O risco de um jovem negro ser vítima de homicídio no país é 130% maior que o de um jovem branco, segundo o Mapa da Violência – Anatomia dos Homicídios no Brasil, estudo realizado entre 1997 a 2007, com base nos dados do Subsistema de Informações de Mortalidade do Ministério da Saúde. Os estudos concluem que não é a pobreza absoluta, mas as grandes diferenças de renda que forçam para cima os índices de homicídio no Brasil.

Dessa forma, em uma sociedade que embora não assuma o racismo em relação à população afrobrasileira, a situação de desvantagem social/educacional para esse segmento não permite que ela comemore o dia 13 de Maio.

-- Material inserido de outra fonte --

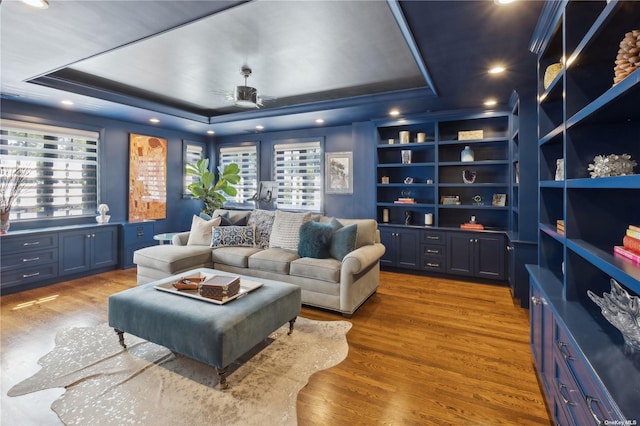 home theater with built in features, dark hardwood / wood-style flooring, and a raised ceiling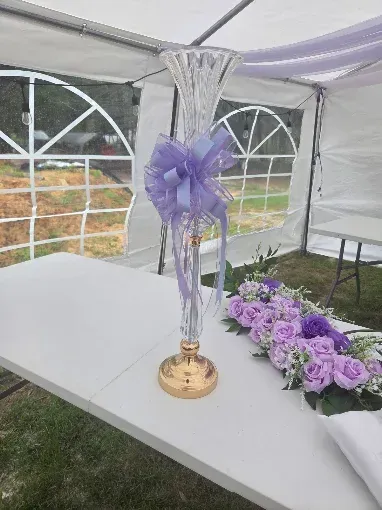 Purple ribboned centerpiece on a white table inside a tent, with lilac flowers beside it.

A referência tem sido, e será, por um tempo ainda longevo, considerando o fosso das desigualdades, denunciar a “falsa abolição”, que retira negros e negras das senzalas e os confina em espaços destinados à cidadãos designados como escória. Não é possível comemorar as suas não permanência na escola e o pouco acesso à universidade. Não pode ser celebrativo que jovens negros que não receberam a herança de seus ancestrais não possam construir o seu capital cultural por terem a vida ceifada em função do racismo.

A grande celebração deverá ser voltada para o mês de novembro. Mês em que foi ceifada a vida de Zumbi dos Palmares, ícone da resistência negra em relação à opressão e ao processo de subalternização e desumanização dos descendentes de africanos no contexto da escravidão no Brasil e que reverbera nos dias atuais.